Adjusted EBITDA, defined as net income before interest, taxes, depreciation and amortization, adjusted for the impact of certain non-cash and other items that we do not consider in the evaluation of ongoing operational performance, increased 17.8 percent to $106.3 million from $90.2 million in the prior year period.

Segment EBITDA represents the company’s Total Segment EBITDA broken down by its reportable segments. Total Segment EBITDA is equal to EBITDA, the company defines as net income before interest, taxes, depreciation, and amortization.

Franchise segment EBITDA increased $11.6 million or 17.9 percent to $76.3 million. The increase is primarily the result of a $11.3 million increase in franchise segment revenue, described above, including a $3.1 million legal reserve that negatively impacted the first quarter of 2023, partially offset by $2.8 million of higher NAF expense.

Corporate-owned stores segment EBITDA increased $8.6 million or 25.6 percent to $42.1 million. The increase was primarily attributable to $8.0 million from the corporate-owned same-store sales increase of 6.2 percent and $1.2 million from the stores acquired in the Florida Acquisition, partially offset by lower EBITDA of $1.1 million from new stores opened since January 1, 2023.

As described above, the Equipment segment EBITDA decreased $0.8 million or 14.6 percent to $4.8 million, primarily due to lower equipment sales to new and existing franchisee-owned stores.

2024 Outlook
For the year ending December 31, 2024, the company updated or reiterated the following expectations:

  • It continues to expect new equipment placements of approximately 120 to 130 in franchisee-owned locations;
  • It continues to expect system-wide new store openings of approximately 140 to 150 locations;
  • It now expects system-wide same-store sales in the 3 percent to 5 percent percentage range (previously it expected 5 percent to 6 percent)

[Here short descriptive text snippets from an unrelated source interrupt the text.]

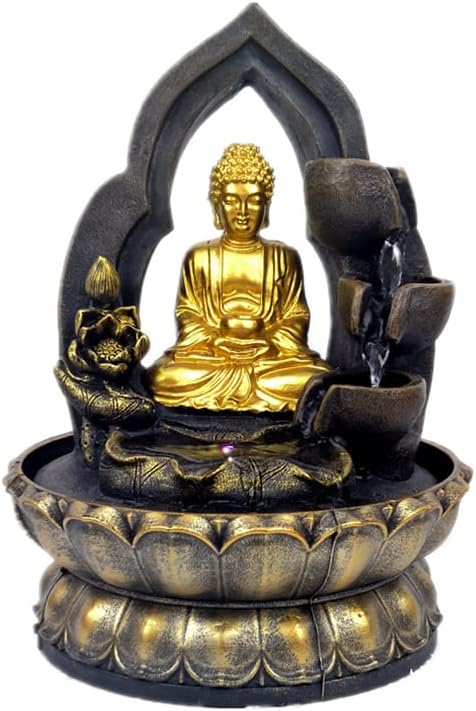 Handcrafted Resin Gold Buddha Tabletop Fountain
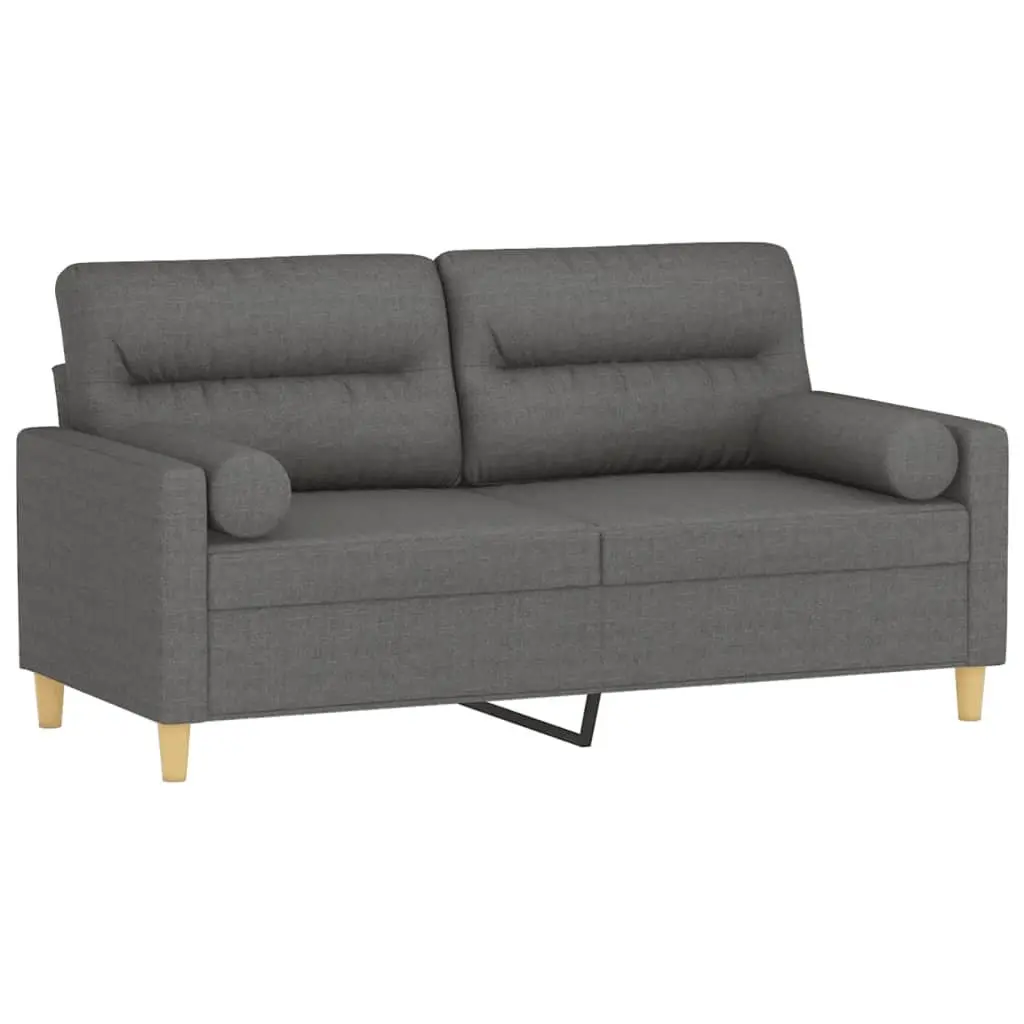 2-Seater Grey Fabric Sofa with Cushions 140cm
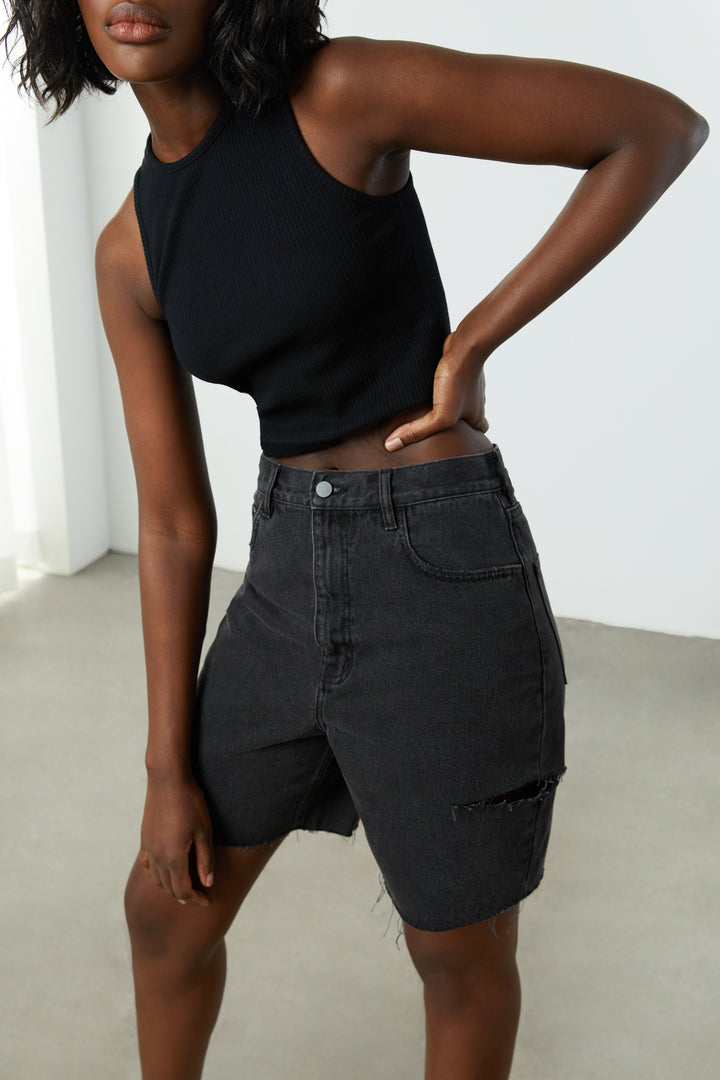 LONG DENIM SHORT in Washed Black — alternate angle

The following are 2024 growth expectations over the company’s 2023 results:

  • It now expects revenue to increase in the 4 percent to 6 percent range (previously it expected 6 percent to 7 percent)
  • It now expects adjusted EBITDA to increase in the 7 percent to 9 percent range (previously it expected 10 percent to 11 percent)
  • It now expects adjusted net income to increase in the 6 percent to 8 percent range (previously it expected 9 percent to 10 percent)
  • It now expects adjusted net income per share, diluted to increase in the 7 percent to 9 percent range (previously it expected 10 percent to 11 percent), based on adjusted diluted weighted-average shares outstanding of approximately 88.0 million, inclusive of one million shares repurchased in 2024.
  • The company continues to expect 2024 net interest expense to be approximately $70.0 million. It also expects capital expenditures to increase approximately 25 percent driven by additional stores in our corporate-owned portfolio and depreciation and amortization to increase in the 11 percent to 12 percent range.